Take an active role in the planning process. Take care to understand what the architect is trying to achieve for you. Meet with the architect at key intervals during the planning process.

Use the project phases to review your project. Your architect will follow three major design phases and submissions: Schematic design (original ideas), design development (where design ideas are fully developed) and construction documents (the working drawings and specification used to obtain competitive bids and contractor pricing).  Pay close attention to these design phases and use them to help you understand where the project stands at any given time. Think of them as milestones and use them for review and evaluation.
Make timely decisions. The most efficient time for owner decisions is during the planning process.
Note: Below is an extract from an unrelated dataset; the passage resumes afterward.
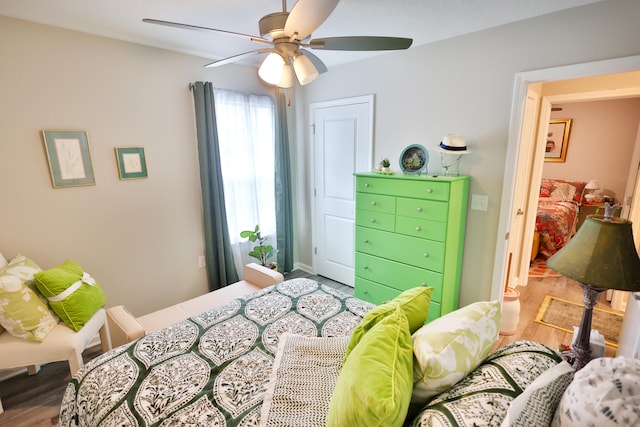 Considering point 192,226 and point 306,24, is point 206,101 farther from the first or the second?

Planning is an evolutionary process: that is, the plan evolves from less to more detail. Good planning is not a major change in concept when it’s time to plan the details. During the design phases, an undecided client may mean loss of design time. During the construction phase, indecision and changes will add to the construction cost.

Ask questions. You may feel that if you ask questions, it will imply that you don’t know as much as you should. In the design phase, you are not supposed to know. Remember that it is your project; by asking questions, the architect can lead you to a better understanding.

Deal with problems as they arise. This sounds obvious, but taking care of small problems will keep them from turning into larger ones. Use your regular project meetings to take care of any possible discrepancies.

Have your architect observe the construction work. This is essential. It is part of the architect’s job to regularly inspect the construction work and to consult with the contractor. This helps to assure that the plans and specified materials are being followed. Remember, the architect is your representative and your advocate. In many ways, a good architect will more than earn the fee by ensuring that the client receives the full value.